____ INFORMATION SUPPLIED
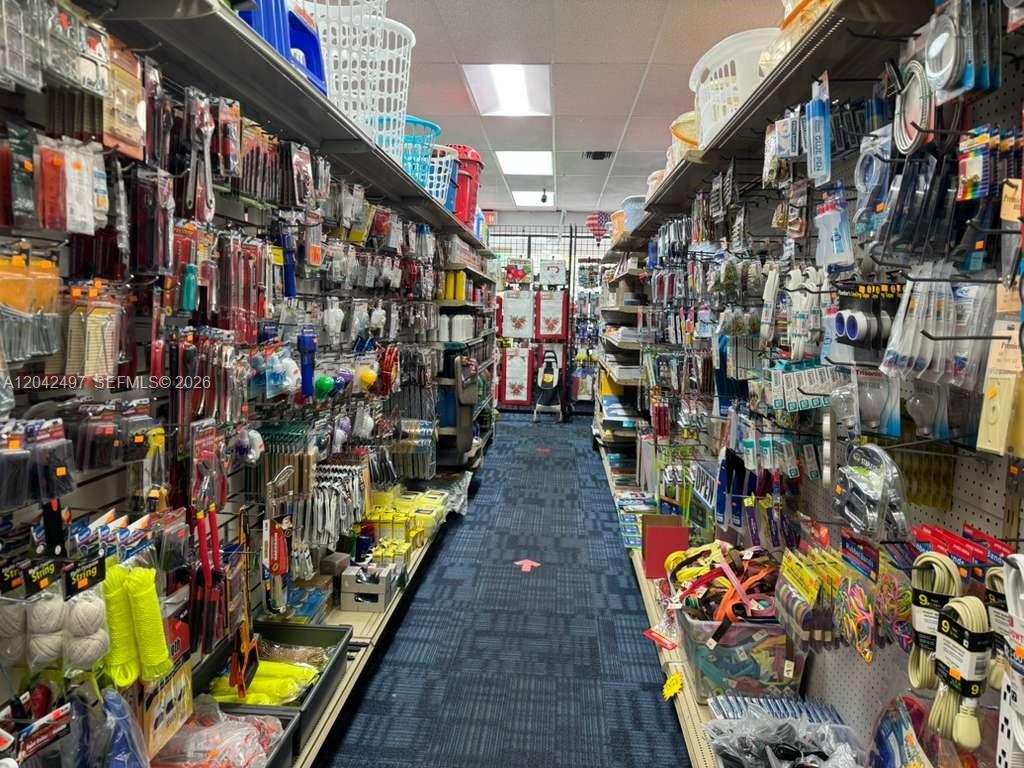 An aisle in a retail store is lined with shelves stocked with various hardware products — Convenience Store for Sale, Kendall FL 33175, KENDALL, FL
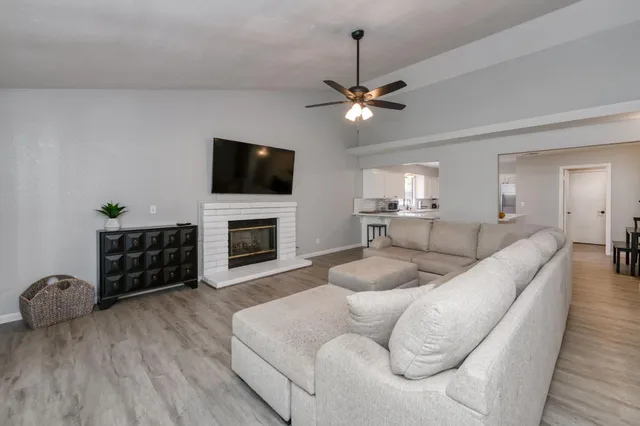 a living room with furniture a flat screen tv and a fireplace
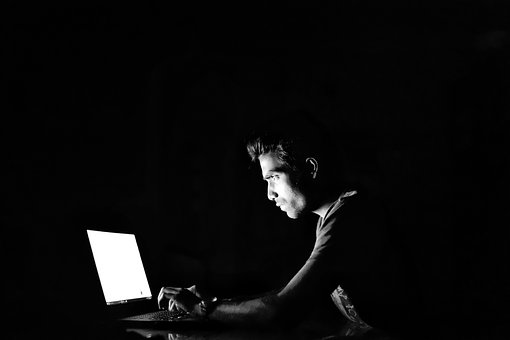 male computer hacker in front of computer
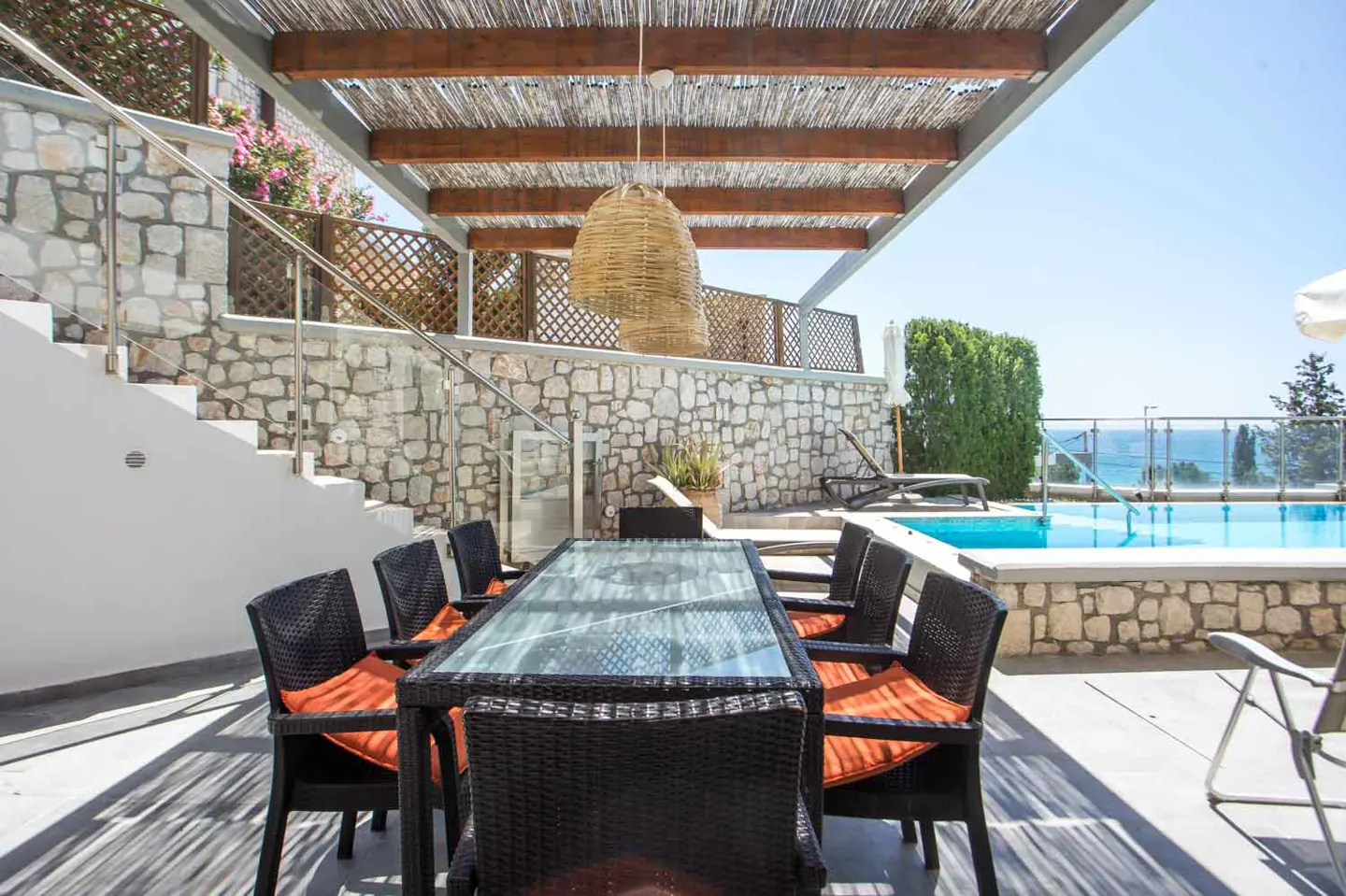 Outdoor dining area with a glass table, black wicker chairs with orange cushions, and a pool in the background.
________
____ INFORMATION SUPPLIED
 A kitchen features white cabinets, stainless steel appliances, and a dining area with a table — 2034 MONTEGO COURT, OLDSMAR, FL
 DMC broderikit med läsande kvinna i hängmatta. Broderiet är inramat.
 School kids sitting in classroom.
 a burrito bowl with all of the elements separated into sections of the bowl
________
____ INFORMATION SUPPLIED
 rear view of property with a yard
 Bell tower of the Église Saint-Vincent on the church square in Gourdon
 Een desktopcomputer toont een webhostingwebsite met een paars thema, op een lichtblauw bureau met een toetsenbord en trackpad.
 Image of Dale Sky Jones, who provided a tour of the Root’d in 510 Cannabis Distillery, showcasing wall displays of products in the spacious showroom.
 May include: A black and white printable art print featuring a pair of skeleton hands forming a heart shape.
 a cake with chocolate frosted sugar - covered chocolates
________
PROBLEM DETAILS: Looking at the entries above, say how many lines contain the word "white". Nothing but the number is needed.

RESULT OF THIS TASK: 2